PROVIDED DATA =>
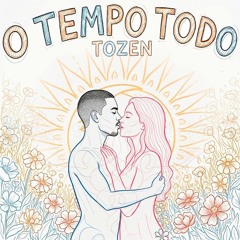 O TEMPO TODO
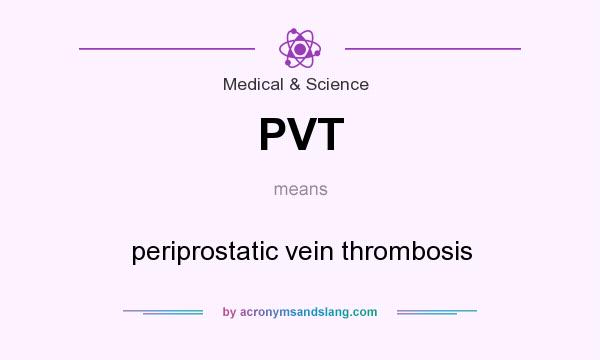 What does PVT mean? It stands for periprostatic vein thrombosis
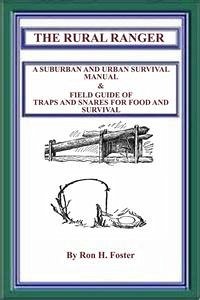 The Rural Ranger A Suburban And Urban Survival Guide Of Traps And Snares For Food And Survival (eBook, ePUB) - Foster, Ron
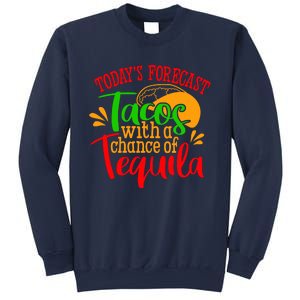 Today's Forecast Tacos With A Chance Of Tequila Funny Taco Sweatshirt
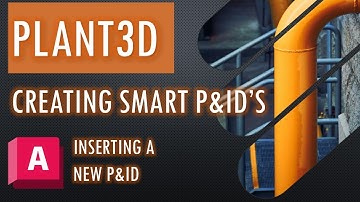 CREATE SMART PID P&ID IN AUTOCAD PLANT 3D 2024 - INSERT A NEW DRAWING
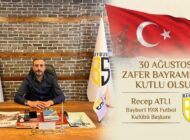 Bayburt 1918 Futbol Kulübü Başkanı Recep ATLI’dan 30 Ağustos Zafer Bayramı Mesajı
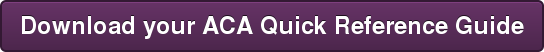 Download your ACA Quick Reference Guide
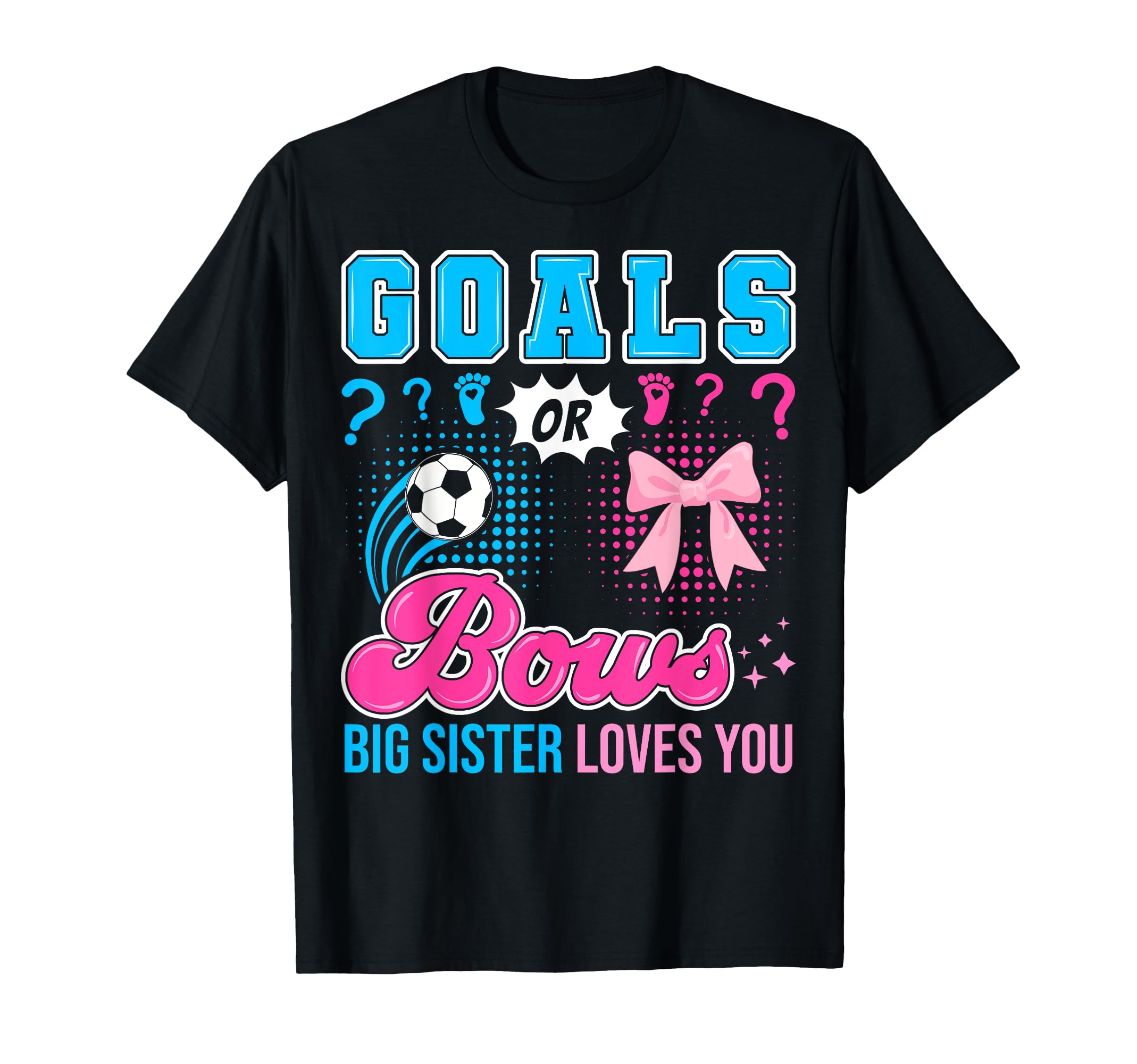 Goals Or Bows Big Sister Loves You T-Shirt - Trendy Graphic for Adults - T-Shirt, Sweatshirt, Hoodie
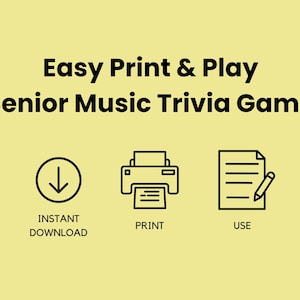Może przedstawiać: Jasnoż&oacute;łta grafika z tekstem "Easy Print & Play Senior Music Trivia Game". Poniżej trzy czarne ikony: strzałka pobierania, drukarka i dokument z oł&oacute;wkiem. Słowa "Instant Download", "Print" i "Use" znajdują się poniżej.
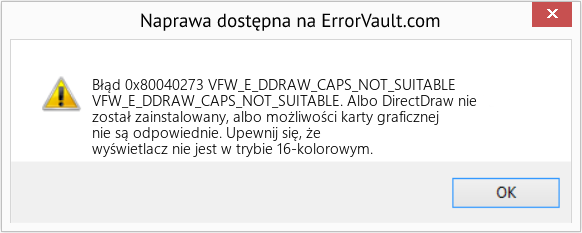 Pobierz Błąd <?php echo $number; ?> (VFW_E_DDRAW_CAPS_NOT_SUITABLE) Narzędzie naprawcze Fix VFW_E_DDRAW_CAPS_NOT_SUITABLE (Error Błąd 0x80040273)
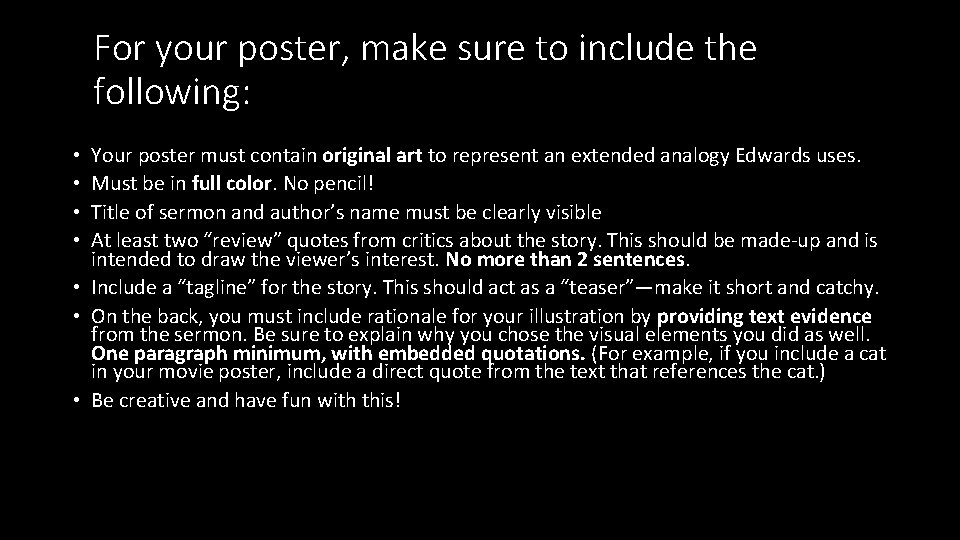 For your poster, make sure to include the following: Your poster must contain original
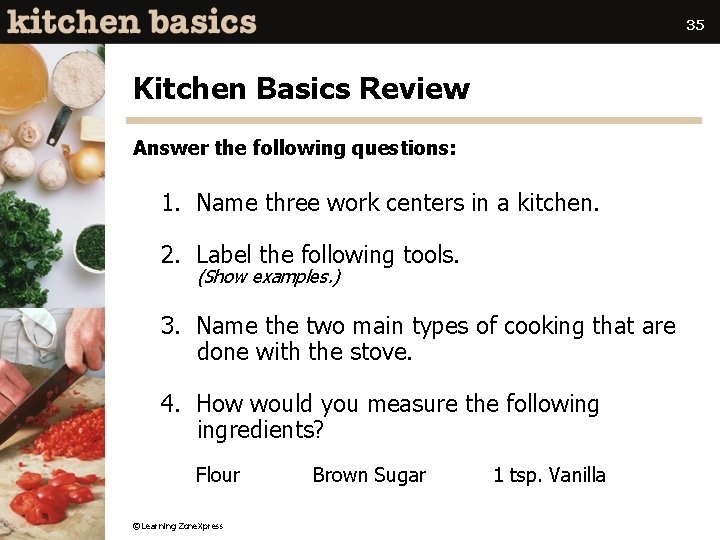 35 Kitchen Basics Review Answer the following questions: 1. Name three work centers in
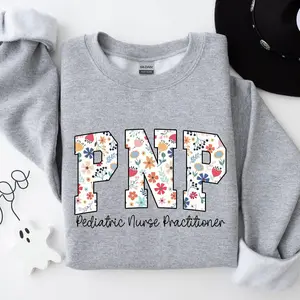 Floral PNP Nurse Sweatshirt, Flower PNP Nurse Shirt, PNP Nurse Gift, Pediatric Nurses Practitioner Hoodie, Nursing Gift Cotton Crewneck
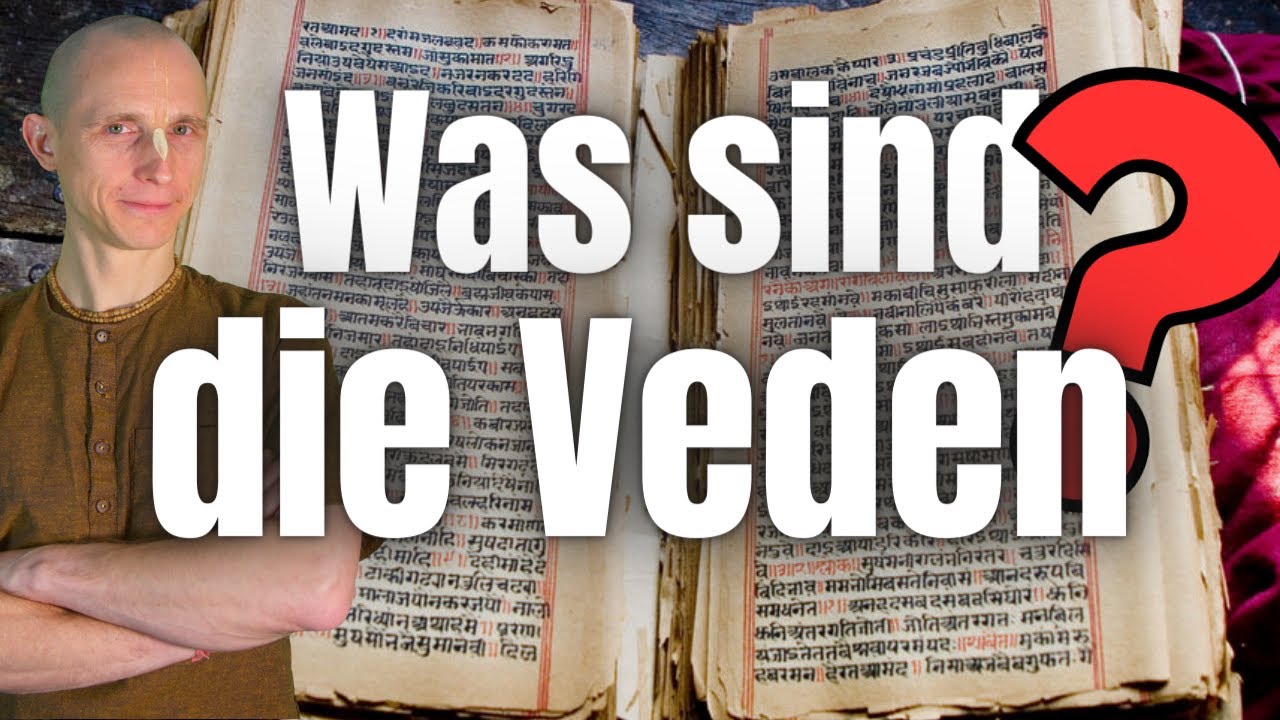Was sind die Veden eigentlich und was bringen sie mir?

TASK DESCRIPTION =>
Each line above should be output exactly, apart from the pictures.

THE ANSWER =>
 O TEMPO TODO
 What does PVT mean? It stands for periprostatic vein thrombosis
 The Rural Ranger A Suburban And Urban Survival Guide Of Traps And Snares For Food And Survival (eBook, ePUB) - Foster, Ron
 Today's Forecast Tacos With A Chance Of Tequila Funny Taco Sweatshirt
 CREATE SMART PID P&ID IN AUTOCAD PLANT 3D 2024 - INSERT A NEW DRAWING
 Bayburt 1918 Futbol Kulübü Başkanı Recep ATLI’dan 30 Ağustos Zafer Bayramı Mesajı
 Download your ACA Quick Reference Guide
 Goals Or Bows Big Sister Loves You T-Shirt - Trendy Graphic for Adults - T-Shirt, Sweatshirt, Hoodie
Może przedstawiać: Jasnoż&oacute;łta grafika z tekstem "Easy Print & Play Senior Music Trivia Game". Poniżej trzy czarne ikony: strzałka pobierania, drukarka i dokument z oł&oacute;wkiem. Słowa "Instant Download", "Print" i "Use" znajdują się poniżej.
 Pobierz Błąd <?php echo $number; ?> (VFW_E_DDRAW_CAPS_NOT_SUITABLE) Narzędzie naprawcze Fix VFW_E_DDRAW_CAPS_NOT_SUITABLE (Error Błąd 0x80040273)
 For your poster, make sure to include the following: Your poster must contain original
 35 Kitchen Basics Review Answer the following questions: 1. Name three work centers in
 Floral PNP Nurse Sweatshirt, Flower PNP Nurse Shirt, PNP Nurse Gift, Pediatric Nurses Practitioner Hoodie, Nursing Gift Cotton Crewneck
Was sind die Veden eigentlich und was bringen sie mir?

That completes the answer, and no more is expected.